As far as the second class citizen. I shot BN and Open C in 08. I never once felt as though I was treated poorly by anyone due to the class that I shot. As a matter of fact, I was treated so well by everyone that I met that I decided to continue shooting with ASA. I met folks in that first year that I call friends today. I think the attitudes of a lot of the shooters in these classes are starting to give the classes a bad rep (my opinion). I am not saying all but there are few that I have seen and heard bad mouthing this and that and talking about how things used to be. Really? If you are a novice shooter how do you know how things used to be. I feel that if you are a true novice, you are going to shoot and have fun, but also to learn how the tournaments work and have a chance to learn from more experienced folks by participating in things like the team shoots and being open minded enough to listen to the advice that more experienced people are giving instead of telling them how good you shoot back home and how you have tried the things they are saying and it just doesnt work.


----------



## carlosii (Feb 25, 2007)

shot several team shoots. i've only had one team that was so intense they made a poor shooter like me feel unwanted. :wink: in fact, at metropolis i shot with samatha morgan and greg poole. it was one of those days when i couldn't hit a bull in the ass with a bass fiddle. never once felt like they were p.o.ed because of my dragging the team down. face it, eighty bucks to a pro ain't all that much dough to get their panties in a knot about. i've always found the pros to be in the team shoot more for the opportunity to share their love of archery with the rest of us rather than a way to get rich.

btw, those weren't just pros riding to the ranges at london...other folks did too. some of us old geezers were also on the same ranges as open c and the trucks didn't bother us.


----------



## Tallybowman (Dec 2, 2008)

Shot Bow Novice first year shooting ASA and moved on to Senior Open next year. Never have understood how so many bow Novice and Open C shooters shoot 10 to 40 up. Okay, if its your first tournament so be it but after that move up to a class that is more respresentative of you skills. Bow Novice and C classess are there as entry level classes designed to introduce shooters to the ASA. After you shoot up (above 400) regardless of whether you win or not move up. I never felt second class at all by the ASA and I am sure that is why so many people choose to stay in Bow Novice and Open C. I do feel there were and still are shooters who should not be in these classes and these are probably the ones who complain the loudest.

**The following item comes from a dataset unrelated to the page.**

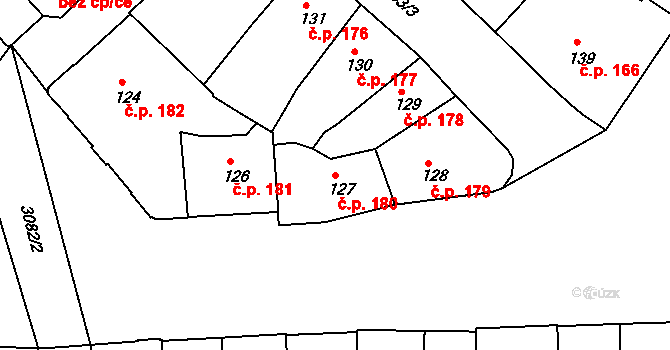 Kroměříž 180 na parcele st. 127 v KÚ Kroměříž, Katastrální mapa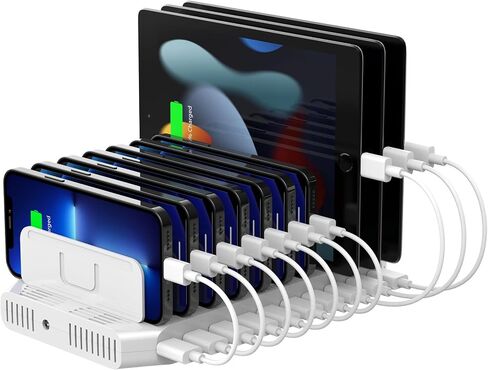 Unitek Multi Charging Station ، شاحن USB 10 شاحن لجهاز متعددة مع تقنية ذكية ومقاطعات قابلة للتعديل ، موقف منظم متوافق مع iPad ، الكمبيوتر اللوحي ، Kindle ، iPhone in Saudi Arabia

As far as team shoots go I have shot the team shoot at almost every tournament I have attended. I have never felt like anyone in our group was treated badly. We all want to win but shooting and having a good time is way more important to most people.


----------



## Daniel Boone (May 31, 2002)

Bottomline they offer plenty of classes to please anyone. Understand there was no Novice classes when we started shooting ASA

ASA goes above and beyond to try and find a class for everyone to attend these events and that is alot of ranges. 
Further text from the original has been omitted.